It felt so good, right?

It felt so right, didn’t it?

You can tell me if I’m wrong about what we had, but you’re not saying anything. Because you know it was real. You know it was real by how much it hurts after. You can tell by how much it hurts right now and now, it hurts like hell.

We loved each other, didn’t we?

It was that breathtaking, can’t-live-without-each-other kind of love, wasn’t it? It felt so good and it felt like it was gonna last. I saw us together.

I swear I could picture us together long-term. I could picture myself cooking breakfast for us on Sundays when you sneak up on me and hug me from the back while you lean your head on my shoulder telling me how good it feels to have me, how this love feels good for a change, and then I’d turn and kiss your smiling lips.

We lit so fast, didn’t we?

It was all at once. You were the one that made me feel like we’re really created from two parts and that I’ve found my other half when I met you. We moved light-speed and it was OK.

You’d leave no stone unturned for me. It wasn’t scary at all. I guess we were both so consumed with the feelings we awakened in each other that we forget how sometimes it’s not good to give everything all at once.

We’ve burned even faster than we’ve lit, haven’t we?

We were a bit too much, weren’t we?

All that was going on after a while began to feel overwhelming. When the feelings started cooling off, you seemed like a complete stranger to me. I guess I did to you as well. Each happy moment we felt made our sad and heavy moments hurt like hell. It was good until it wasn’t anymore.

And when the good that we had started fading, everything else seemed too much. Only this too much was really too much. How many nights was I left alone with that gut-tearing-apart feeling while I was hitting the door you slammed at my face with my fists until they bled?

Do you know how many nights I wish we could turn back time and replay at least one of those completely happy days, thinking it’d help me to endure the hell we’ve put each other through?

I still feel you.
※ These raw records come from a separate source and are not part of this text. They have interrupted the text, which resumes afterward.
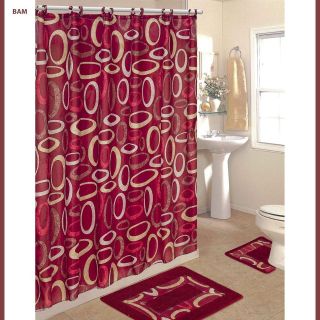 BURGUNDY BATH SET 2 Bath Mat/Rugs+Fabri​c Shower Curtain+Fabric 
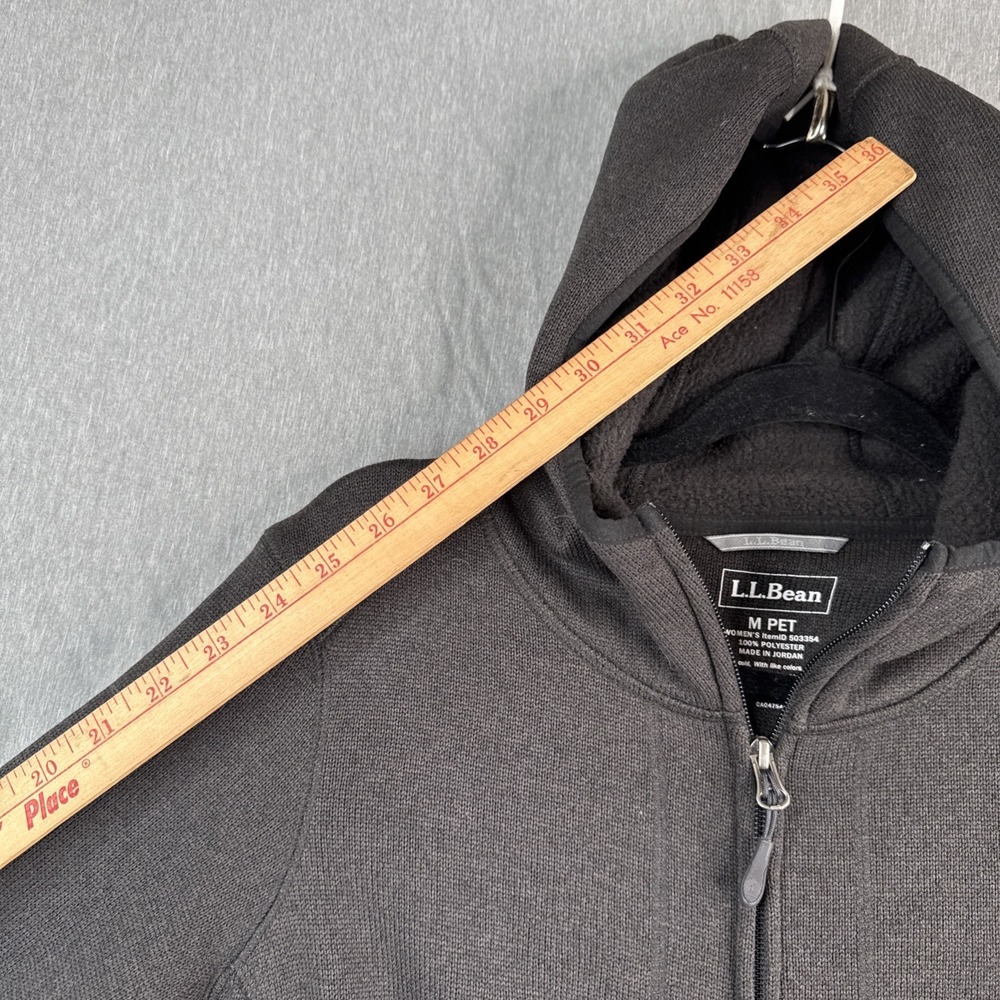 LL Bean Hoodie Sweatshirt Womens Medium Black Waffle Fleece Full Zip Jacket - Picture 5 of 7
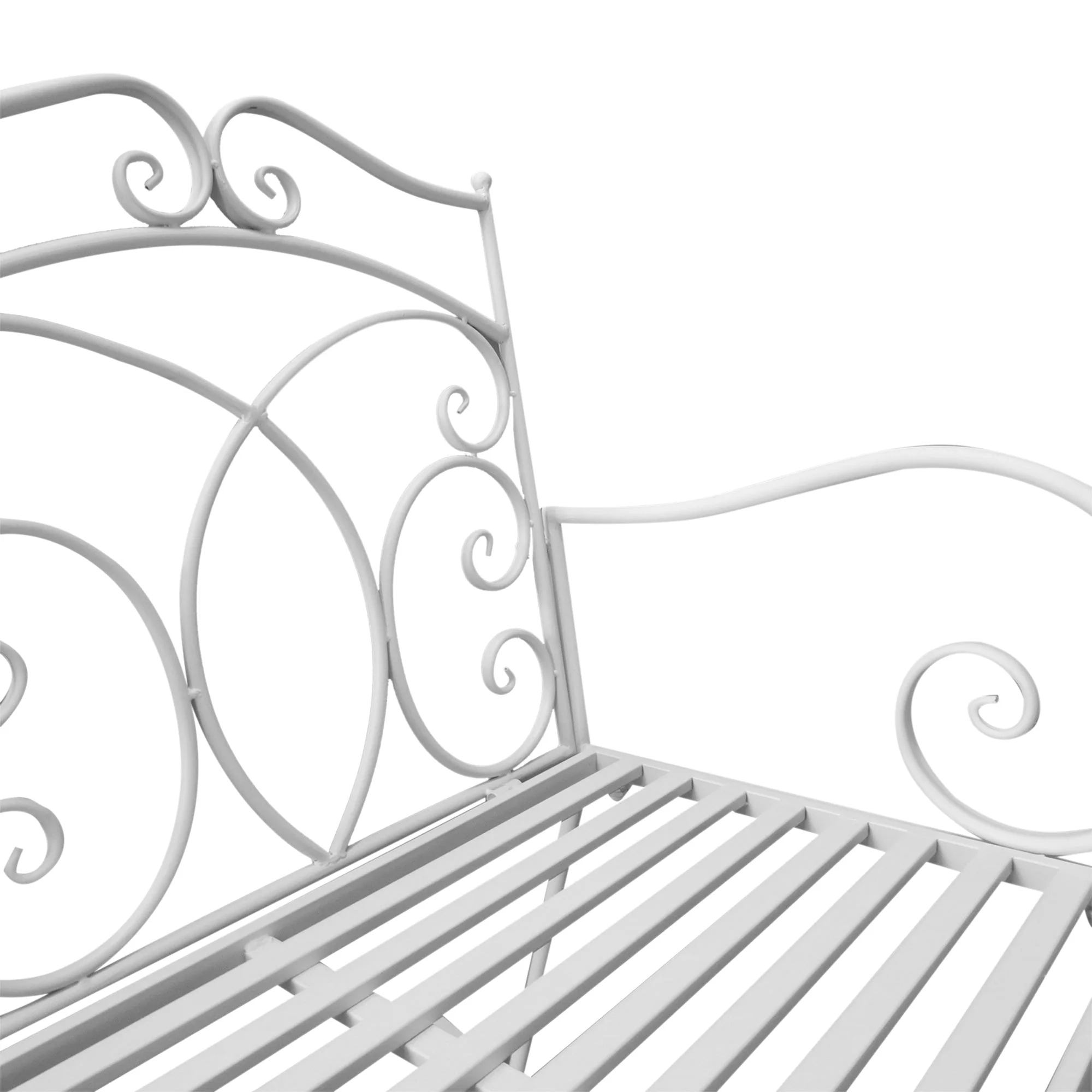 Outsunny Patio 2 Seater Rocking Bench Steel Garden Outdoor Garden Loveseat Chair With Decorative Backrest White - Image 6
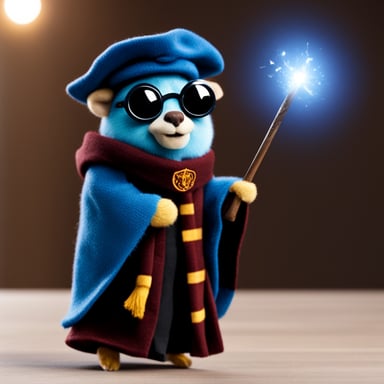 Go Blue Gopher as Harry Potter with the Elder Wand and performing magic.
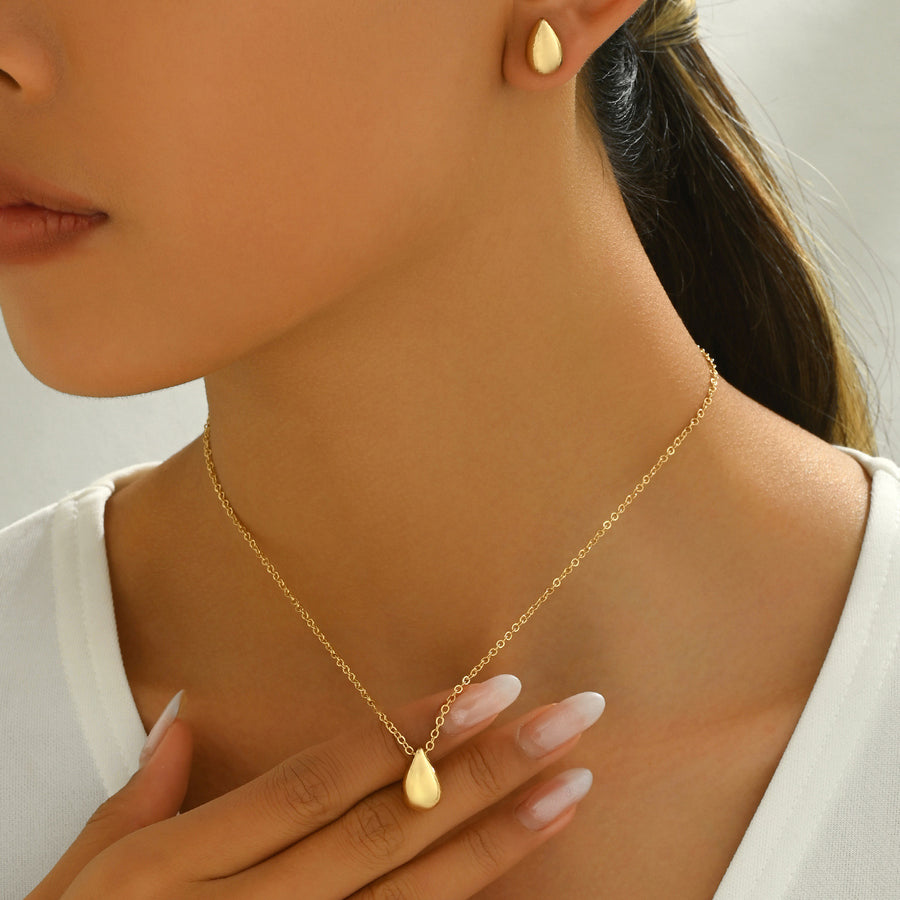 Sweet Fresh Style Women Jewelry Set - Geometric Necklace & Earrings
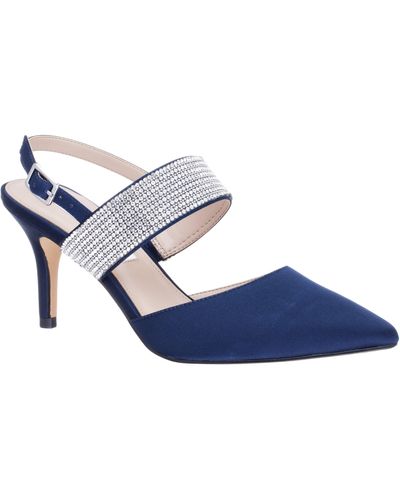 Nina Tenille-new Navy Satin Crystal Pointed-toe Mid-heel Dress Pump - Blue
But you already knew that, didn’t you?

I still feel you running your fingers through my hair while my head was lying on your lap. I still remember the smell of your perfume and each time I pass somebody with that exact same smell, I close my eyes wishing it was you.

I guess I’m secretly hoping to see you somewhere accidentally and totally unplanned. Although it’d hurt like hell, I wish to know how are you doing and how have you been after us. But I don’t get to do that, do I?

It hurts, doesn’t it?

It hurts like nothing else in this world. It feels like a part of me was torn apart and now I have to live the rest of my life knowing you have a part of me with you and I’m not getting it back. It hurts to know I had something amazing and worth living for and now I don’t have it anymore. And I miss it. I miss it so bad.

I know we were good for a while. I know we weren’t meant to last, that we were only brought together to feel the amazing amount of love, and once we reached the limit of that love, we reached the end. But it’s OK. It sucks and it hurts, but it’s OK. I guess.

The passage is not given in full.